== Required work ==
Retype only what runs from the line with "Apartment Mareea-parcare Privata" through the end of the entries, exactly and in full, but omit any picture you find.

== Provided entries ==
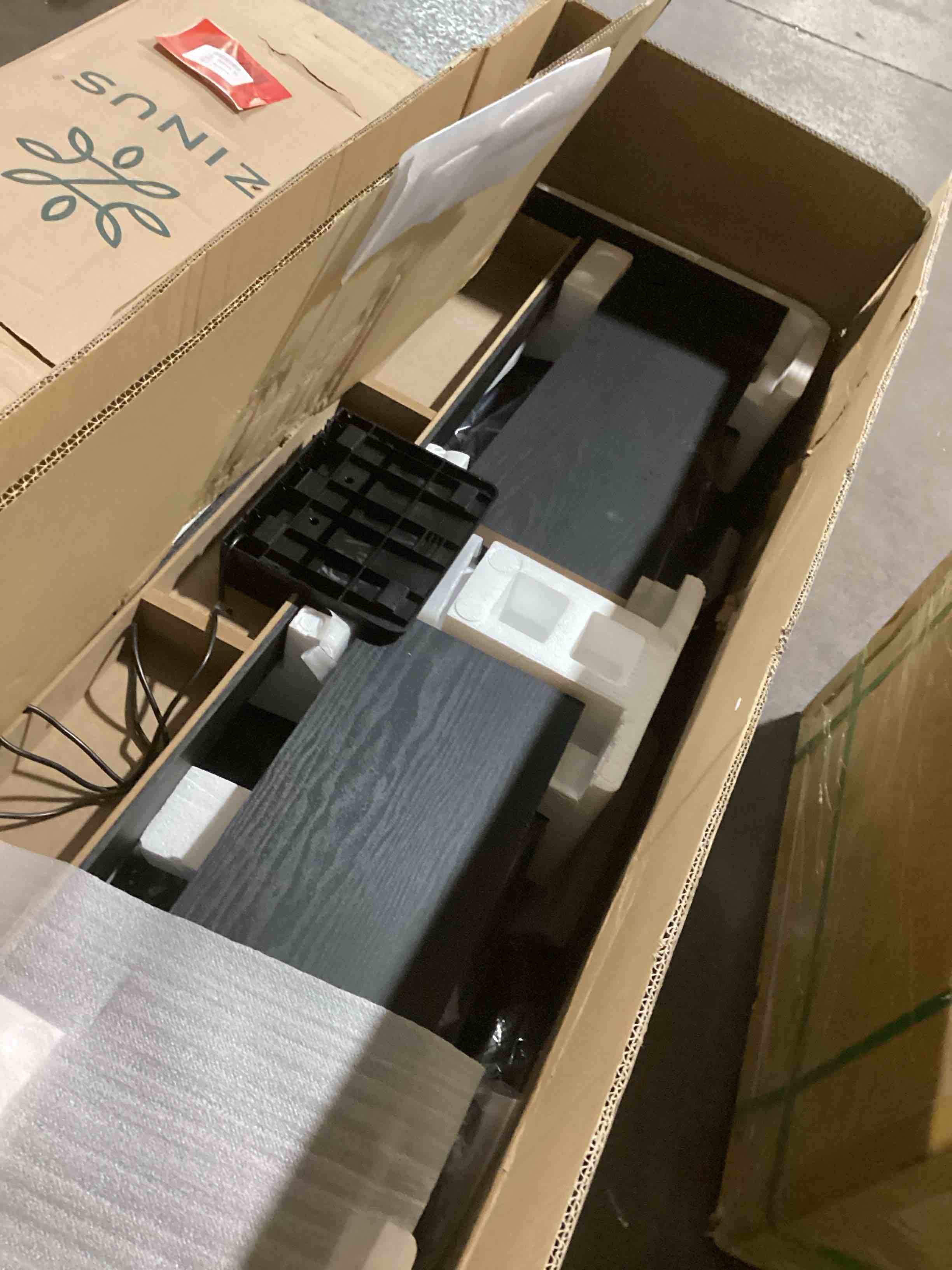 https://s3.amazonaws.com/lotting-images-prod/bidfta/PNK3629478_1752002399951.jpeg
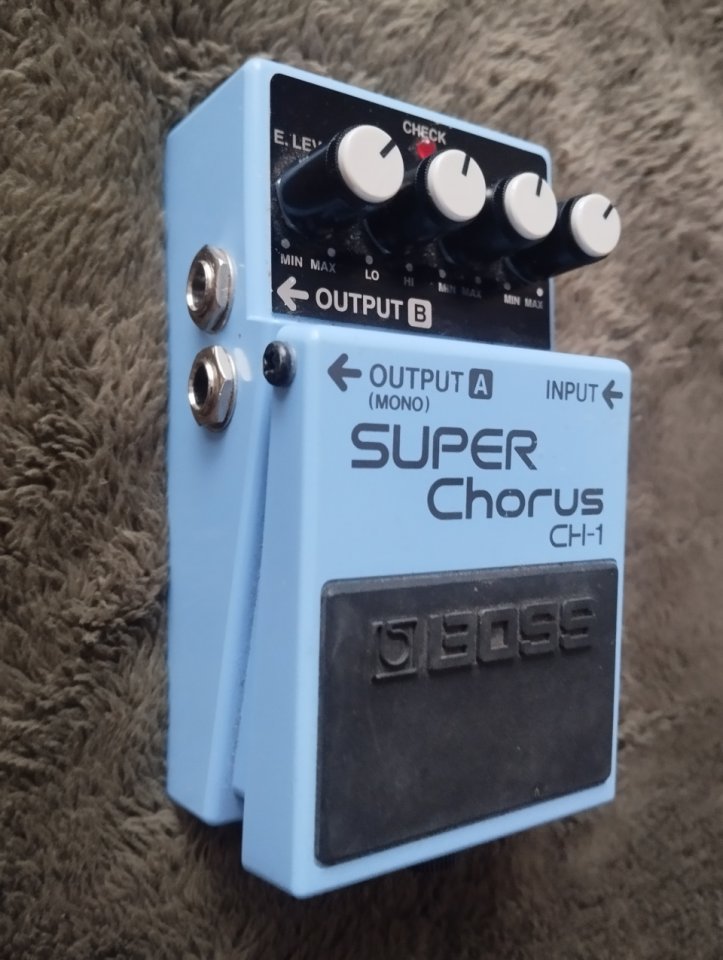 Pedal Boss Super Chorus CH-1 de segunda mano · Foto 2 de 4 · Barcelona · 70 €
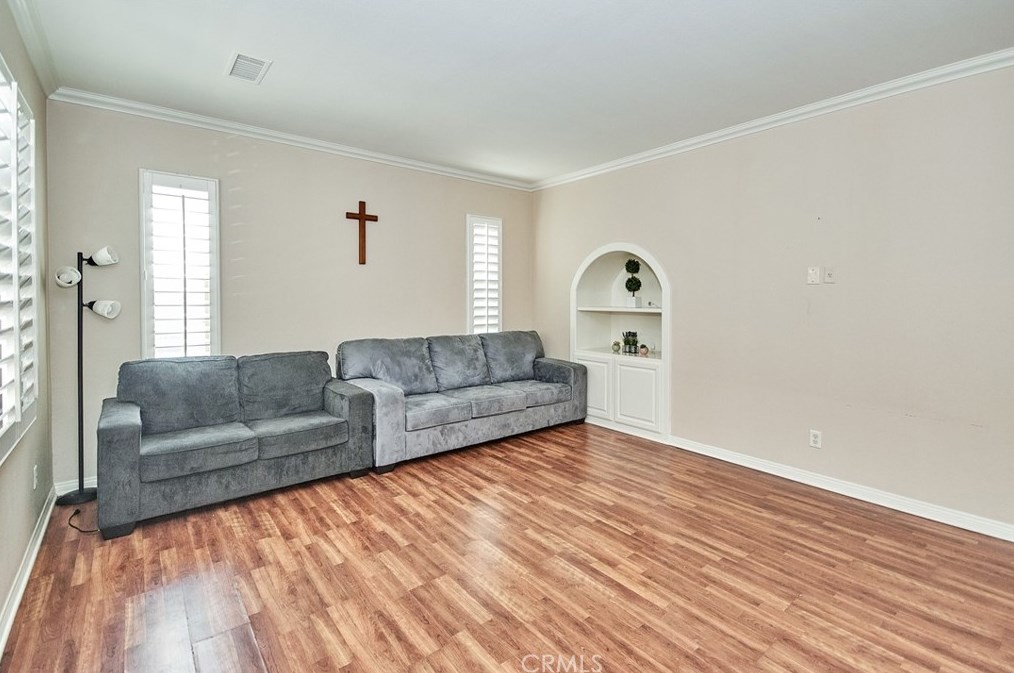 8326 Edgewood St, Chino CA  91708-9325 exterior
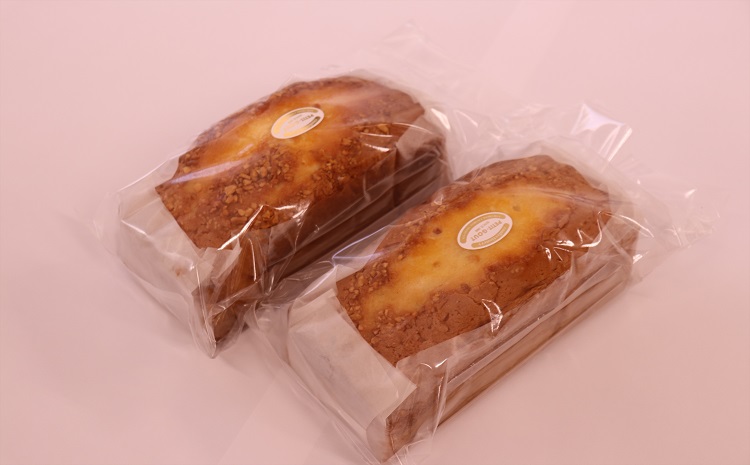 バターケーキ（２本入り）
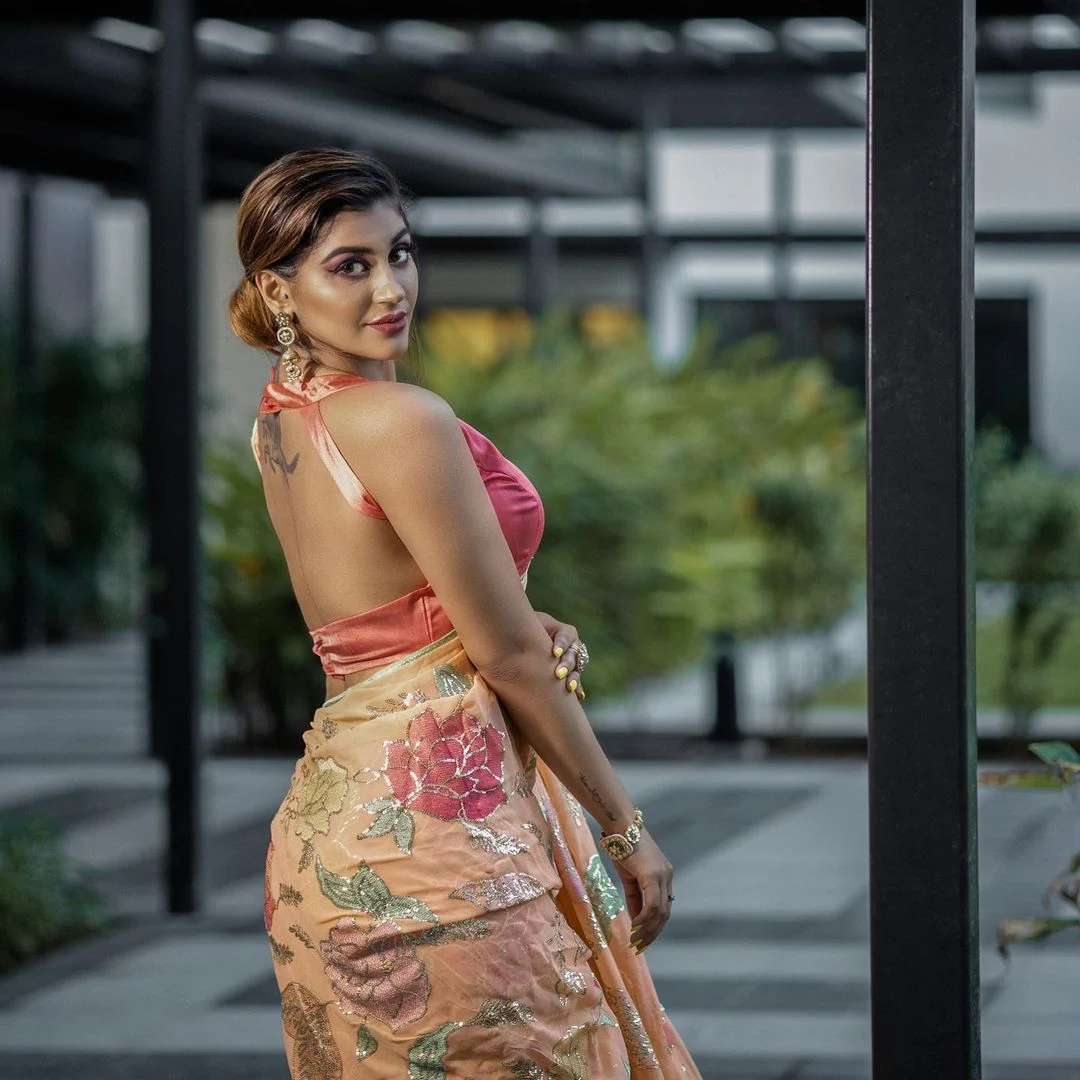 Actress Yashika Anand Stunning Latest Saree Photoshoot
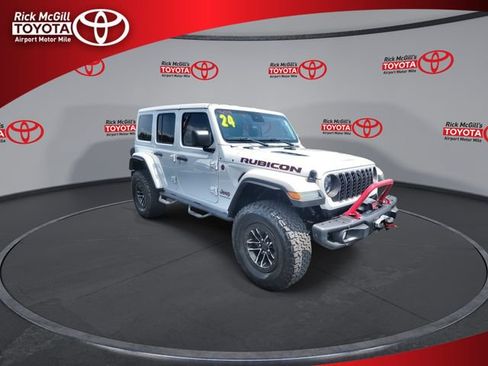 Used 2024 Jeep Wrangler Unlimited Rubicon AWD/4WD image 2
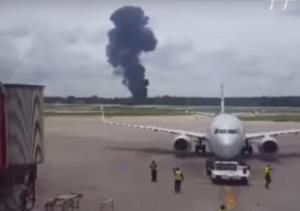 Primele imagini de la locul accidentului aviatic din Cuba. Reacția cutremurătoare a angajaților aeroportului din Havana (Video)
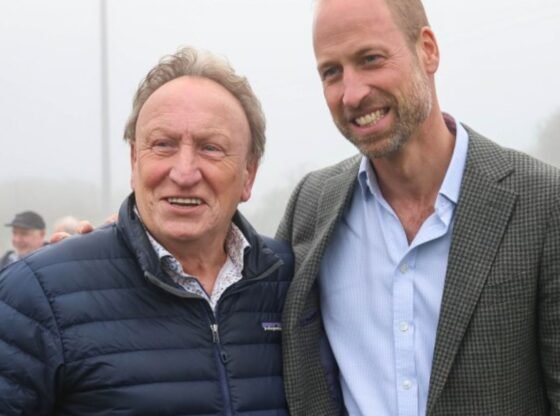 फुटबॉल के दिग्गज नील वॉर्नॉक ने फंसे हुए स्थानीय फुटबॉल क्लब की शाही मदद के बाद 'प्रशंसक' प्रिंस विलियम के साथ एक तस्वीर खिंचवाई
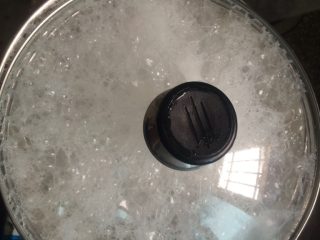 2、瘦肉粥,如图煮到水沸腾，去盖，改小火熬，熬至粥粘稠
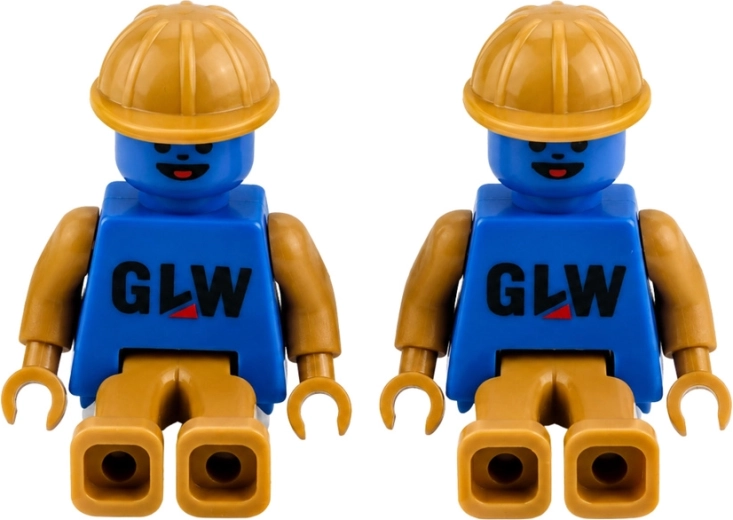 Opening tank and figures in the package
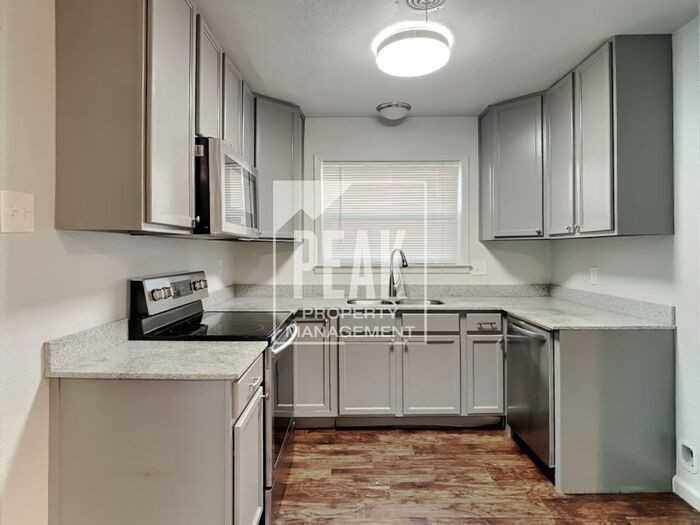 5508 Winifred Dr - Photo 4 of 17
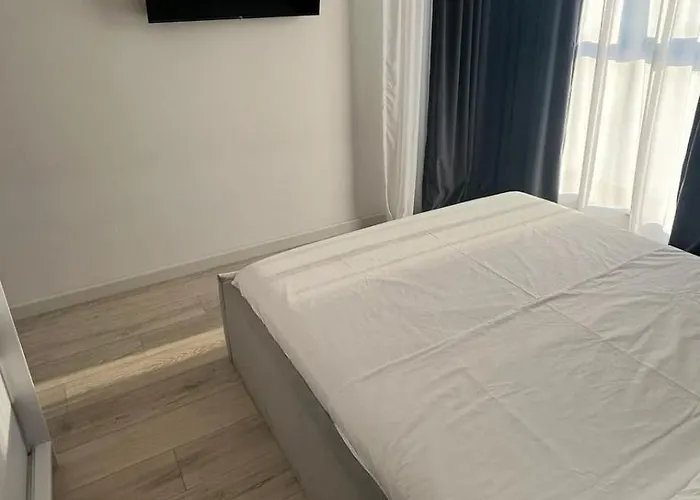 Apartment Mareea-parcare Privata Si Balcon-zona Vivo Mall *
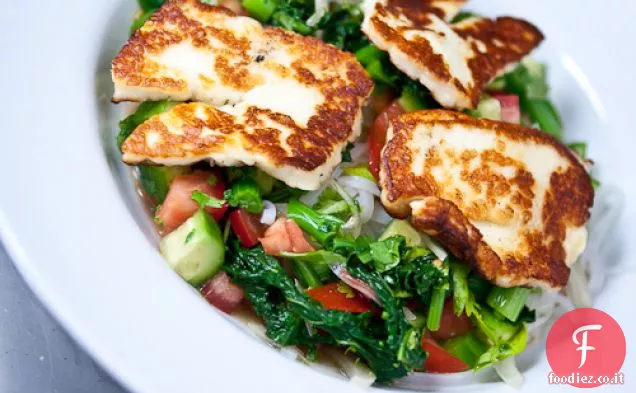 Insalata di noodle asiatica con Halloumi fritto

== Written solution ==
 Apartment Mareea-parcare Privata Si Balcon-zona Vivo Mall *
 Insalata di noodle asiatica con Halloumi fritto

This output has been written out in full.